- [ASSIGNMENT]
Exact repetition is required: output every record in full.

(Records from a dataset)
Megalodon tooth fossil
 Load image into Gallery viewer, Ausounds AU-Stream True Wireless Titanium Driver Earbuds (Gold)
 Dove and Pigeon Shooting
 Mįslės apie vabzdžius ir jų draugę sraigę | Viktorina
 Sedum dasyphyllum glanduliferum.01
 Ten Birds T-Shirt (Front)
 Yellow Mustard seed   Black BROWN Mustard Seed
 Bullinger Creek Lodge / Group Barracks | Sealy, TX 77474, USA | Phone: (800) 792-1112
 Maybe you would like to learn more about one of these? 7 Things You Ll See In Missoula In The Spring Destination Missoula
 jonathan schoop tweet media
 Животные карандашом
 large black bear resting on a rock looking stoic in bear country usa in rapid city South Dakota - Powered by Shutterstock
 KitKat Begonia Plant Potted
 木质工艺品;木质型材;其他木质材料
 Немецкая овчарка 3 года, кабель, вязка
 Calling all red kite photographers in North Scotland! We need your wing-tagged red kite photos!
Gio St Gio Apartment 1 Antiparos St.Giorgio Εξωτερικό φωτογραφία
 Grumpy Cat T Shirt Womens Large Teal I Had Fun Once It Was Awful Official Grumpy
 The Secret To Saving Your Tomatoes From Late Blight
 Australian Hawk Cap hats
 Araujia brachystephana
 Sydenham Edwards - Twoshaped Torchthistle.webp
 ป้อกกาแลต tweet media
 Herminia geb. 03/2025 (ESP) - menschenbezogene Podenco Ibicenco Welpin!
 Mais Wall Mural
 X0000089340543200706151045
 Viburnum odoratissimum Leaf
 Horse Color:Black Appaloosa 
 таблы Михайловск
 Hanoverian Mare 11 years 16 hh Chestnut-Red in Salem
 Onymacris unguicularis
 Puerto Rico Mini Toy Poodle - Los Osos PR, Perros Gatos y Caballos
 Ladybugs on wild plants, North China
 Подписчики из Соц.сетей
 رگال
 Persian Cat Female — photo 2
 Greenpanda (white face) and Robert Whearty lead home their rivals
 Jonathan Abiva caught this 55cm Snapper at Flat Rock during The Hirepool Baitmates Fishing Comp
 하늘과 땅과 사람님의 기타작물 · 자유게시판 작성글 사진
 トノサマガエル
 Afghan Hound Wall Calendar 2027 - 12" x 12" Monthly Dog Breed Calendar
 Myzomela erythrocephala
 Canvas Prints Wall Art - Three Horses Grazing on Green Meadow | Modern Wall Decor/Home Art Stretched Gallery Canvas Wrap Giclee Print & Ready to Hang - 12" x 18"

- [RESULT]
Megalodon tooth fossil
 Load image into Gallery viewer, Ausounds AU-Stream True Wireless Titanium Driver Earbuds (Gold)
 Dove and Pigeon Shooting
 Mįslės apie vabzdžius ir jų draugę sraigę | Viktorina
 Sedum dasyphyllum glanduliferum.01
 Ten Birds T-Shirt (Front)
 Yellow Mustard seed   Black BROWN Mustard Seed
 Bullinger Creek Lodge / Group Barracks | Sealy, TX 77474, USA | Phone: (800) 792-1112
 Maybe you would like to learn more about one of these? 7 Things You Ll See In Missoula In The Spring Destination Missoula
 jonathan schoop tweet media
 Животные карандашом
 large black bear resting on a rock looking stoic in bear country usa in rapid city South Dakota - Powered by Shutterstock
 KitKat Begonia Plant Potted
 木质工艺品;木质型材;其他木质材料
 Немецкая овчарка 3 года, кабель, вязка
 Calling all red kite photographers in North Scotland! We need your wing-tagged red kite photos!
Gio St Gio Apartment 1 Antiparos St.Giorgio Εξωτερικό φωτογραφία
 Grumpy Cat T Shirt Womens Large Teal I Had Fun Once It Was Awful Official Grumpy
 The Secret To Saving Your Tomatoes From Late Blight
 Australian Hawk Cap hats
 Araujia brachystephana
 Sydenham Edwards - Twoshaped Torchthistle.webp
 ป้อกกาแลต tweet media
 Herminia geb. 03/2025 (ESP) - menschenbezogene Podenco Ibicenco Welpin!
 Mais Wall Mural
 X0000089340543200706151045
 Viburnum odoratissimum Leaf
 Horse Color:Black Appaloosa 
 таблы Михайловск
 Hanoverian Mare 11 years 16 hh Chestnut-Red in Salem
 Onymacris unguicularis
 Puerto Rico Mini Toy Poodle - Los Osos PR, Perros Gatos y Caballos
 Ladybugs on wild plants, North China
 Подписчики из Соц.сетей
 رگال
 Persian Cat Female — photo 2
 Greenpanda (white face) and Robert Whearty lead home their rivals
 Jonathan Abiva caught this 55cm Snapper at Flat Rock during The Hirepool Baitmates Fishing Comp
 하늘과 땅과 사람님의 기타작물 · 자유게시판 작성글 사진
 トノサマガエル
 Afghan Hound Wall Calendar 2027 - 12" x 12" Monthly Dog Breed Calendar
 Myzomela erythrocephala
 Canvas Prints Wall Art - Three Horses Grazing on Green Meadow | Modern Wall Decor/Home Art Stretched Gallery Canvas Wrap Giclee Print & Ready to Hang - 12" x 18"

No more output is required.